**Exercise prompt**
Print the first line of the material below and each line after it, exactly as written, ending with the line that contains "2023 Hyundai Casper".

** Data provided follows **

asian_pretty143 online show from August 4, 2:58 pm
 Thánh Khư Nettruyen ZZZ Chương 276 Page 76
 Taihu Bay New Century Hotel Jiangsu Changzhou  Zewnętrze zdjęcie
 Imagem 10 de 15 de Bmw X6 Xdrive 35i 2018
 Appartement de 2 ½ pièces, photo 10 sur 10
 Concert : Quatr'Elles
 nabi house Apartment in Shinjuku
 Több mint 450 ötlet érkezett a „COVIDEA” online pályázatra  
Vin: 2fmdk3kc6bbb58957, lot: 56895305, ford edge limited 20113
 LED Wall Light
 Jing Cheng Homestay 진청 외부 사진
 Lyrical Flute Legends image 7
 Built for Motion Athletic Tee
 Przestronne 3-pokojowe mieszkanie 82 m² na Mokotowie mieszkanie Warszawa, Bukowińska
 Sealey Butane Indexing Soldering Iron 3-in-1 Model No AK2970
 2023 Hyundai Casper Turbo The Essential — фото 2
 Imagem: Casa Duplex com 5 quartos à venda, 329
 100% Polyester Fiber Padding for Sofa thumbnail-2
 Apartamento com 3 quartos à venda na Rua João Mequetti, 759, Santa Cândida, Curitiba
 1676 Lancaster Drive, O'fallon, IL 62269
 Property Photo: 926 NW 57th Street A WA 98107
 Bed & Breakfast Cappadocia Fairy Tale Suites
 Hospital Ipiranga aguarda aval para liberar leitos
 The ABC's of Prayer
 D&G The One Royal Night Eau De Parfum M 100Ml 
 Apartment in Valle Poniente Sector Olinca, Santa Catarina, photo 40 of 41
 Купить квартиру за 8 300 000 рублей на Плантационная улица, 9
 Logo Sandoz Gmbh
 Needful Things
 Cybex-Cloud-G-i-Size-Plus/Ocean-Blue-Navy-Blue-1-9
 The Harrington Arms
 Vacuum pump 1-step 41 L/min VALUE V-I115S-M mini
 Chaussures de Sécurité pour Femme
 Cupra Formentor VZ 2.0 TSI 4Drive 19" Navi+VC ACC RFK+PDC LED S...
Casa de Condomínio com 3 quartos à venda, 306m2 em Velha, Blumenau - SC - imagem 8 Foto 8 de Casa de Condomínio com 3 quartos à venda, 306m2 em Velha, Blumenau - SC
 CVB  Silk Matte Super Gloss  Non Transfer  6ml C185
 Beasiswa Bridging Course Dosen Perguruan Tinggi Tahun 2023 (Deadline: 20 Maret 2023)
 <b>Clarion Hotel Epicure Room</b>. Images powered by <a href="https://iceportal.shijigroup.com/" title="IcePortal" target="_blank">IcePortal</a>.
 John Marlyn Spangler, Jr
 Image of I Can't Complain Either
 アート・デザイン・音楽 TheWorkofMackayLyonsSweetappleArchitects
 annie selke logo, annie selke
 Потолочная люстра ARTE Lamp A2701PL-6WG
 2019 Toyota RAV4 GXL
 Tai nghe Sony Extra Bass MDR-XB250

** End of Data provided **

**Exercise response**
asian_pretty143 online show from August 4, 2:58 pm
 Thánh Khư Nettruyen ZZZ Chương 276 Page 76
 Taihu Bay New Century Hotel Jiangsu Changzhou  Zewnętrze zdjęcie
 Imagem 10 de 15 de Bmw X6 Xdrive 35i 2018
 Appartement de 2 ½ pièces, photo 10 sur 10
 Concert : Quatr'Elles
 nabi house Apartment in Shinjuku
 Több mint 450 ötlet érkezett a „COVIDEA” online pályázatra  
Vin: 2fmdk3kc6bbb58957, lot: 56895305, ford edge limited 20113
 LED Wall Light
 Jing Cheng Homestay 진청 외부 사진
 Lyrical Flute Legends image 7
 Built for Motion Athletic Tee
 Przestronne 3-pokojowe mieszkanie 82 m² na Mokotowie mieszkanie Warszawa, Bukowińska
 Sealey Butane Indexing Soldering Iron 3-in-1 Model No AK2970
 2023 Hyundai Casper Turbo The Essential — фото 2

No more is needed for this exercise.